Again, Hastings secondary students needed to solve clues, this time to find a young man and a young woman, located somewhere in rural or urban Guilin (population at that time around six million people). After an exciting and very challenging time, the young couple was located and identified. It was then revealed that this young couple were planning to marry. To the delight of the Hastings public, they were invited to Hastings for an all-expenses paid wedding and honeymoon.
This highly publicised competition built on the success of the 2006 version, further strengthening ties between Hastings and our sister city Guilin.
The media interest in this competition was far greater than for the first, with, of course, a great deal of interest in the wedding. News media from across New Zealand reported on this wedding, including television. A film documentary team from China Travel Channel arrived and filmed the wedding and televised a wonderful two-part documentary on television in China.
This project won the top New Zealand Sister Cities Award.
This project was designed to further test the mental skills of Hastings students, this time tasked with solving a puzzle that everyone said was impossible.
The aim of the project was to create a ‘World First’ competition that would catch the media interest both in New Zealand and in China; a project that would see our students research every province in China as they raced to identify and locate one ‘face’ among 1.35 billion Chinese people. There first clue was a photo of the ‘face’. As they solved further clues, the students learned a great deal about China’s history, its dynasties, cultures, ethnic diversity, vast geography, old cities, emerging new cities, politics, and industry.
This was a hugely successful project, which was much enjoyed by the teachers, students and our Chinese guests. The ‘face’ chosen was a young woman from Beichuan, Mainyang, who had experienced and lost so many of her family in the Great Sichaun Earthquake of 2008. This young lady’s story moved everyone to tears when she shared her experiences during her visit to Hastings after the competition. There was immense media interest both in New Zealand and China in this project, including Mianyang TV.
This project won the top New Zealand Sister Cities Award, with the judges saying it was the finest project they had ever seen.
This time, the project challenge had a further twist. The students’ task was to find one person within China without knowing the gender, or seeing the photo of who they were searching for until they had correctly located the province in which that person lived.

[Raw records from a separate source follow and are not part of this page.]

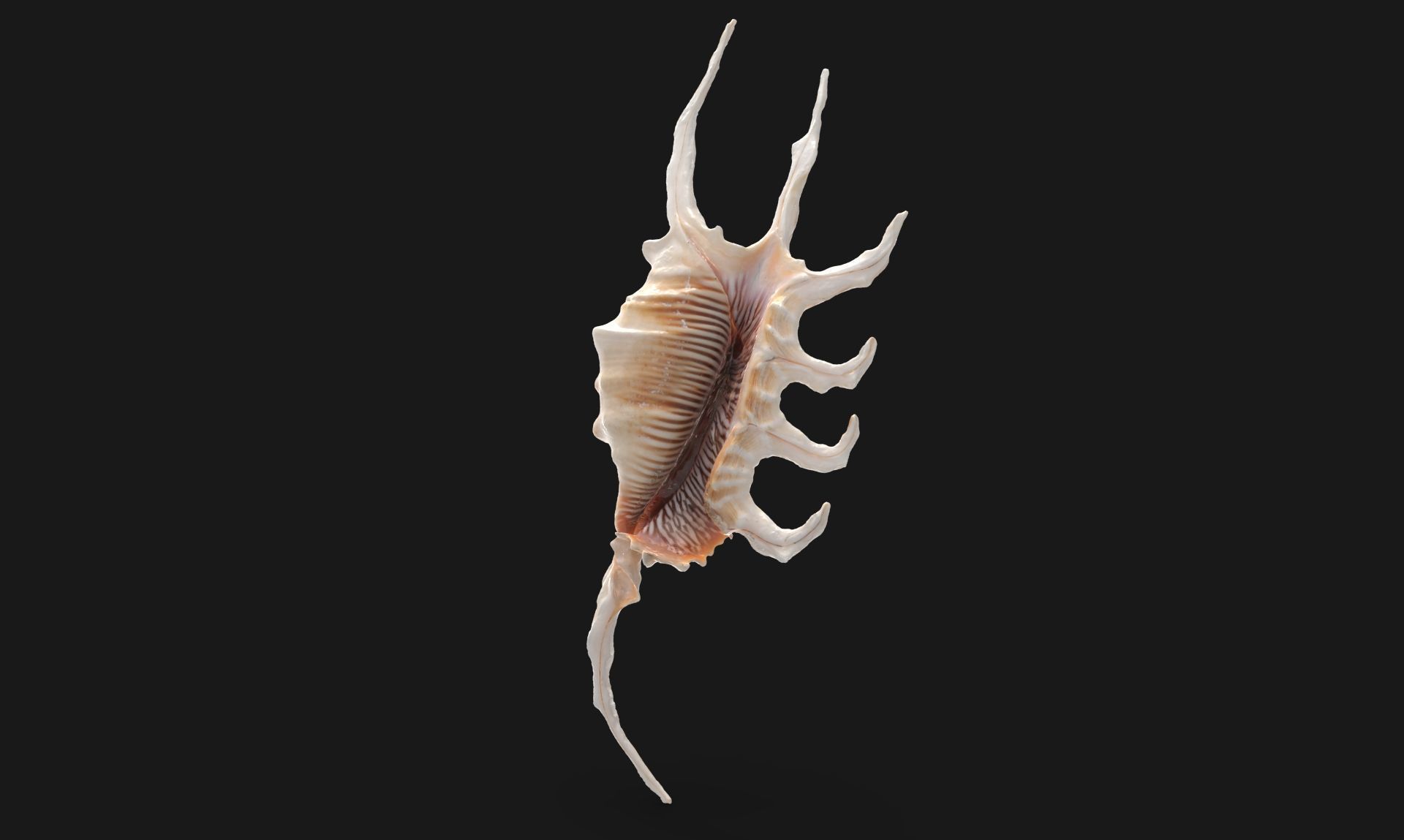 Lambis Truncata Sea Shell 3d model Low-poly 3D model_3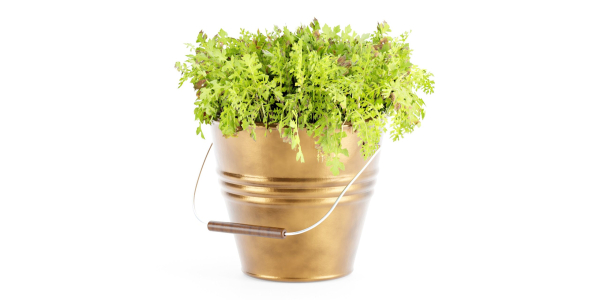 outdoor natural plants collection vol 65-Blender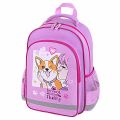   SCHOOL, 1 , 3 , "Fluffy akita", 38x2814 , 272084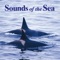Pacific Ocean (Maui) - John Grout lyrics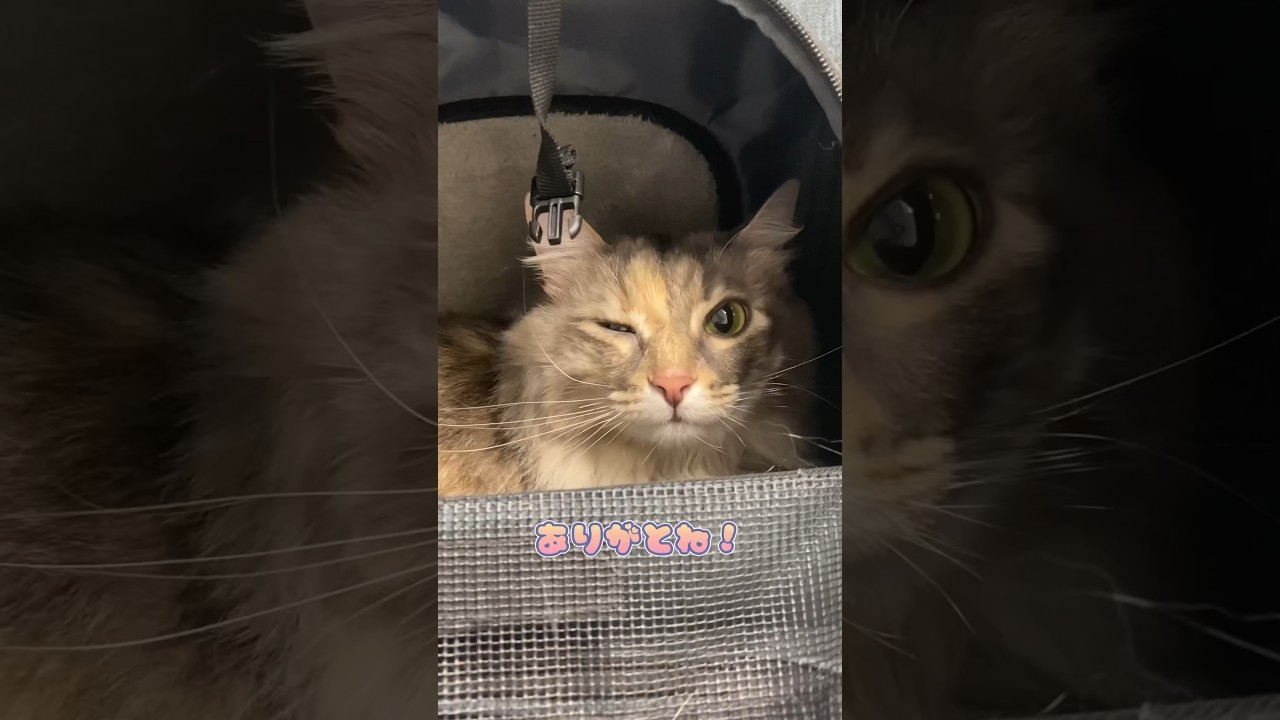 帰っていいか不安になるノルウェージャンフォレストキャット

A complex set of clues were given daily to the students which had them eliminating provinces one by one in which this ‘face’ would not be found. Eventually one province was left and a photo of the ‘face’ revealed. From then, the students had to use all their skills and intelligence to be the first to locate and identify this young lady. The young lady was found, and we are still waiting for her to be able to take a holiday from her work so she may visit Hastings. She has a very moving life story to share with us.
As with previous projects, the aim was to build understanding and knowledge of China within our secondary school students. Record numbers of students entered the competition, and the winner, a very happy Caitlyn Thomas, toured Shandong province in September, 2018.
Again, this project attracted unprecedented media interest across both New Zealand and China. It is yet to be entered into national awards.
While these competitions are not usually held every year; because this is the China-New Zealand Year of Tourism an exception has been made, leading to the holding of The Amazing China-Hastings Year of Tourism.